In Myanmar’s case, increased political freedom allows unresolved ethnic grievances to resurface. A dangerous Buddhist nationalism flared across Myanmar that originated from the perceived need to protect Myanmarese identity. For most Myanmar Buddhists, the Rohingya ethnicity is non-existent and the group is most commonly referred to as “Bengali Muslims”. Not only are they socially marginalized, but the Rohingya are also institutionally discriminated after the loss of their citizenship after the passage of 1982 Citizenship Law. The perception of the Rohingya Muslims as a security threat is reinforced by the actions of the Arakan Rohingya Salvation Army (ARSA) which often launches retaliatory attacks on the Tatmadaw.

Religious conflicts are further politicized and magnified by political parties and religious organizations acting in their own interests. Myanmar’s opposition party, the United Solidarity and Development Party (USDP), established a platform that supports discrimination against Rohingya. In the 2015 elections, Myanmar’s radical Buddhist monks, who have been vocal about expelling Rohingya Muslims, endorsed the then-ruling USDP. The history of political activism among Myanmar’s clerics originated from resistance movements against Myanmar’s military junta. Today, the infamous Ma Ba Tha, an ultranationalist Buddhist group, has the power to mobilize its supporters as it is actively connecting to the people through social service provision. Radical political parties and religious organizations that respond to the public hatred of Muslims are becoming a threat to the current National League for Democracy (NLD) government.

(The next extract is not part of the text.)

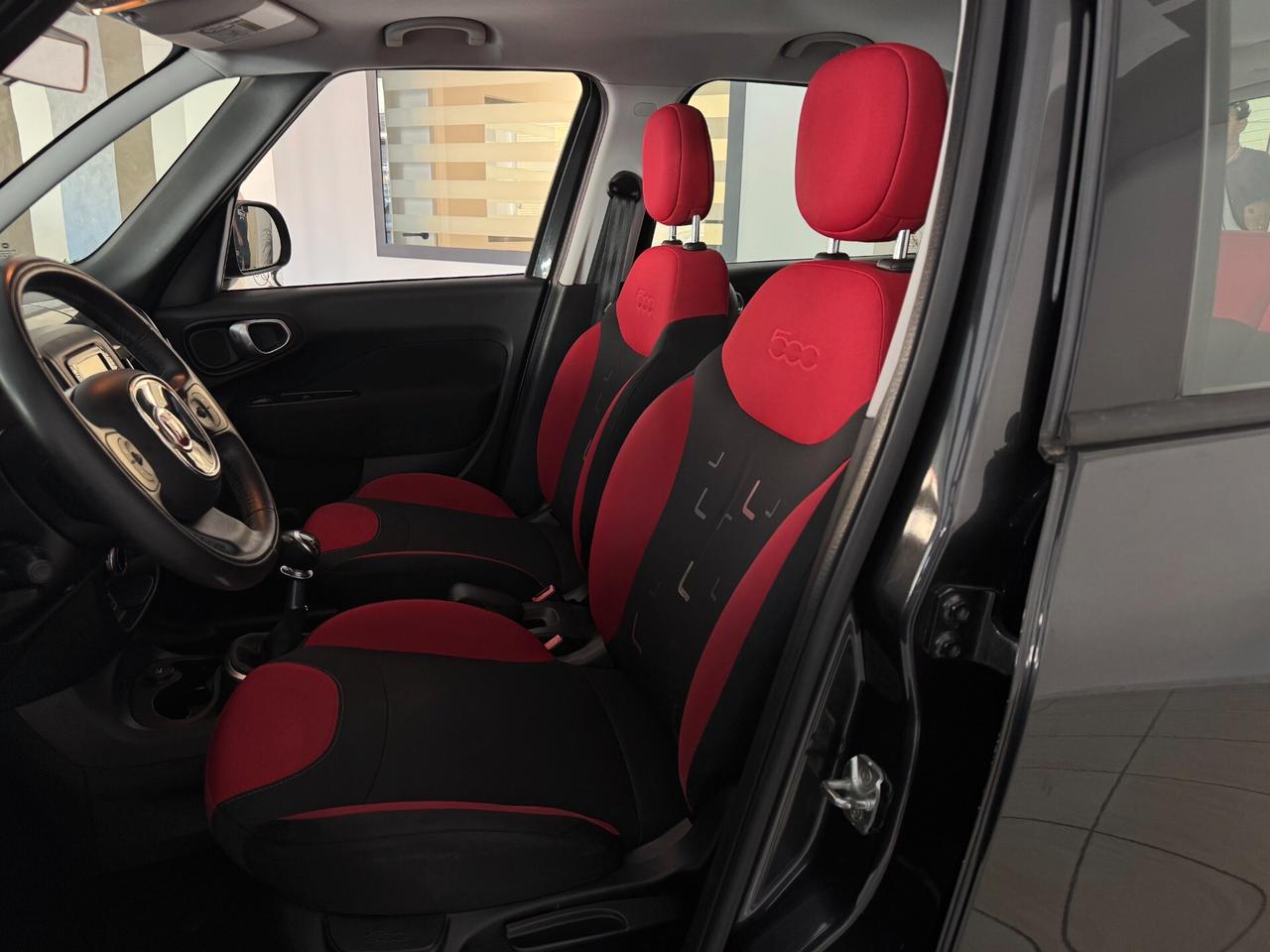 Fiat 500L 1.4 95 CV Pop Star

At the current stage of democratic reforms, the ruling government has limited authority compared to the Tatmadaw. This group wields extensive power in the legislative bodies, courts, and police institutions of Myanmar under the 2008 constitution, thus decreasing the de facto power of Aung San Suu Kyi’s elected government. Myanmar’s military has veto power in parliament as it is allowed to appoint candidates to 25% of the seats in the upper and lower house. Retired military officers are appointed to positions in courts that weaken the checks and balances of Myanmar’s institutions. In addition, Myanmar’s constitution requires that the Ministry of Home Affairs be led by military officers, effectively allowing the Tatmadaw to assert its control over Myanmar’s intelligence services and police force.

Without further reforms to Myanmar’s military institution, the NLD government has limited capability to constrain the military’s ethnic-cleansing campaign. The government warned that ethnically-motivated violence would hamper the country’s democratic reforms. It was a call for peace to no avail. Following the drastic increase in communal violence and radical nationalism, the government finds itself oscillating between positions regarding the Rohingya issue. Previously, the government defended itself against international criticism of its inaction, but it has also displayed a willingness to work with neighboring Bangladesh on the voluntary repatriation of Rohingya refugees.

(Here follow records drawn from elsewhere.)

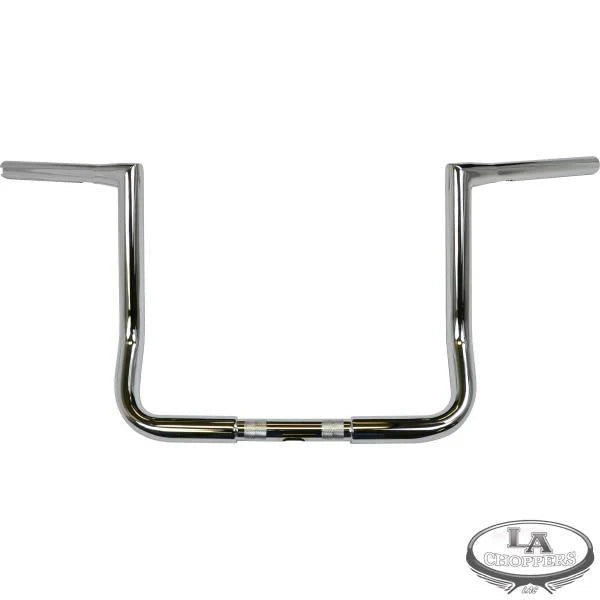 LA choppers - BAGGER TWIN PEAKS (CHROME)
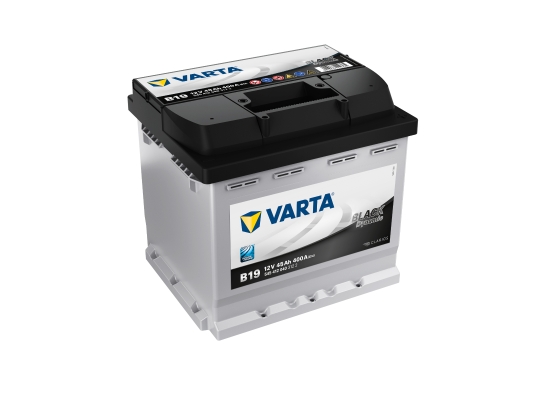 VARTA BLACK Akkumulátor, szgk 5454120403122_VAR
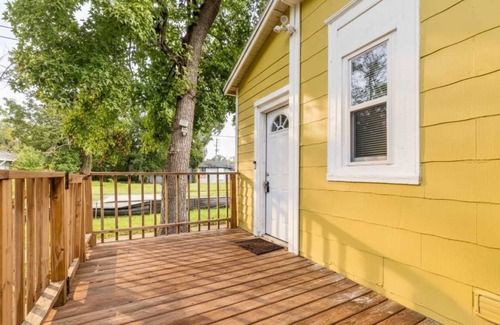 Urban Core House | Cozy 3BR Home - Jacksonville Top Attractions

The unique challenges posed by the Rohingya humanitarian crisis reveal the constraints placed upon the Myanmar government. Troubled by Myanmar’s old military elites and rising radical political agents in its new democracy, the NLD government needs more international support than ever to further its democratic reforms and protect the Rohingya. Constitutional reforms and institution building would provide channels for conflict resolution that replace military violence as a solution.